What you should do :: The entries are given below. Output each one unchanged.

----

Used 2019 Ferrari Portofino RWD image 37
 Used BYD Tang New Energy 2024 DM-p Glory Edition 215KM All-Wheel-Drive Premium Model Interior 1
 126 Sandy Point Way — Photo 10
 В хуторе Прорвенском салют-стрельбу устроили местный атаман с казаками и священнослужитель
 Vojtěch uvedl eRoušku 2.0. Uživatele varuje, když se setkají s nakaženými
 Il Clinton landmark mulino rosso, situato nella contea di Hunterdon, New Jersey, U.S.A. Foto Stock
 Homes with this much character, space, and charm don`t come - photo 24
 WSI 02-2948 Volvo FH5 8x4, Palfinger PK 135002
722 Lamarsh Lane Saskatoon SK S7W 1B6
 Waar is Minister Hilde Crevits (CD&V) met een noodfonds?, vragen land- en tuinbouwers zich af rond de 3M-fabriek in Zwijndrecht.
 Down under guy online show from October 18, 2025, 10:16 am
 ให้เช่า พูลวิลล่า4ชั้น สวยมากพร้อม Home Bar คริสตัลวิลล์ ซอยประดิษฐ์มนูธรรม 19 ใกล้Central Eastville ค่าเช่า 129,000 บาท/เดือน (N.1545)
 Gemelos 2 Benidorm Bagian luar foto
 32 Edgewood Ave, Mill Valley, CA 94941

----

Solution ::
Used 2019 Ferrari Portofino RWD image 37
 Used BYD Tang New Energy 2024 DM-p Glory Edition 215KM All-Wheel-Drive Premium Model Interior 1
 126 Sandy Point Way — Photo 10
 В хуторе Прорвенском салют-стрельбу устроили местный атаман с казаками и священнослужитель
 Vojtěch uvedl eRoušku 2.0. Uživatele varuje, když se setkají s nakaženými
 Il Clinton landmark mulino rosso, situato nella contea di Hunterdon, New Jersey, U.S.A. Foto Stock
 Homes with this much character, space, and charm don`t come - photo 24
 WSI 02-2948 Volvo FH5 8x4, Palfinger PK 135002
722 Lamarsh Lane Saskatoon SK S7W 1B6
 Waar is Minister Hilde Crevits (CD&V) met een noodfonds?, vragen land- en tuinbouwers zich af rond de 3M-fabriek in Zwijndrecht.
 Down under guy online show from October 18, 2025, 10:16 am
 ให้เช่า พูลวิลล่า4ชั้น สวยมากพร้อม Home Bar คริสตัลวิลล์ ซอยประดิษฐ์มนูธรรม 19 ใกล้Central Eastville ค่าเช่า 129,000 บาท/เดือน (N.1545)
 Gemelos 2 Benidorm Bagian luar foto
 32 Edgewood Ave, Mill Valley, CA 94941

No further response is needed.